Tras haber estudiado exhaustivamente el clima y elaborado los más solventes informes durante los últimos treinta años, los sabios ya no pueden soportar por más tiempo la incesante procastinación de los que gobiernan contra lo que ellos también saben.
Destaco este hecho: los gobernantes y poderes económicos, negacionistas o no, saben lo que los rebeldes saben. Pero mienten y se mienten. Por eso mismo los científicos han decidido emular la más bella, serena y ética de las formas de acción política que existe. Me refiero a la puesta en práctica por el más admirable de los seres humanos, Gandhi. Que, por cierto, se inspiró en Thoreau y en esas fuentes de la compasión que son las iniciales religiones y filosofías de oriente.
No se trata de una más de las formas de activismo, en las que nos han salido callos a todos los ecologistas del planeta. Es algo más. Mucho más profundo y panorámico por venir de la mejor fuente posible. No menos porque se trata de personal remunerado por el estado y, por tanto, quedan muy expuestos a fáciles represalias. 'No nos queda tiempo' sería el trampolín desde el que han saltado hasta las puertas del congreso un notable número de investigadores.
Es cumplimiento de la obligación moral de socorro, esa que si se niega a un semejante es constitutiva de delito. ¿Cómo calificar, por tanto, el no intentar salvar a lo que nos salva? ¿Cómo no acudir al alarido de socorro de lo que asiste a todos los seres vivientes al mismo tiempo? Porque eso es exactamente el clima. Es la posibilidad de lo posible, la oportunidad para todos. La Vida de las vidas, en fin.

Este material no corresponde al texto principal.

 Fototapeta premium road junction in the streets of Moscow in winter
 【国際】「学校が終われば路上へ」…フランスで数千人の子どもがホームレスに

Desobedecer a la ignorancia. Denunciar el incesante aplazamiento de lo urgente y necesario. Rebatir las mentiras arreciadas. Enfrentarse a la estúpida podredumbre del humo es actitud más que digna. Con todo, lo que consolida definitivamente este arriesgado salto a la calle de los sabios es que no han ocultado ni las causas ni los causantes del colapso ya iniciado. Porque la catástrofe climática es la primera producción del sistema económico ya único y masivo. Este que nos somete esclavizando, hiriendo y hasta asesinando todo lo esencial: la vivacidad y sus fuentes.
Esta rebelión científica es honesta, en primer lugar porque no busca ni poder, ni mejoras materiales personales. Es solidaria con su propia sabiduría que, por una vez, no puede ser privatizada desde el momento en que lo defendido es, ni más ni menos, lo más público que existe. Recordemos que respirar no solo nos iguala sino que nos hermana y por tanto aborda el también cada día más necesario anhelo de anuestrarnos. No olvidemos que también y, por primera vez en la historia de los edificios mentales de la moralidad, defendemos a los que no conocemos, ni en el espacio, ni en el tiempo. Trabajan estos rebeldes, trabajamos otros muchos, es más, para los que todavía no existen.
Saben los sabios que ahora mismo nada tiene menos futuro que el futuro mismo. Saben que el presente resulta cada día más pequeño y mezquino. Su desobediencia civil es una bocanada de aire fresco y limpio en plena asfixia. Un boca a boca, in extremis, a la misma atmósfera. Socorren al socorro. Gracias por ser tan rebeldes.
Si en 1972, en la Cumbre de Estocolmo, se hubiera puesto en marcha el ya entonces necesario abandono masivo del modelo energético que achicharra al planeta es casi seguro que no estaríamos sufriendo la guerra de Ucrania. Nos habría dado tiempo para, con los más que suficientes conocimientos científicos, tecnologías y presupuestos, cambiar la asfixia de lo que respiramos por lo transparente pureza que nos merecemos. Seguramente nos habríamos librado también de las guerras de Irak e, incluso, de aberraciones claramente ligadas a la catástrofe climática como el todavía no acabado fratricidio sirio.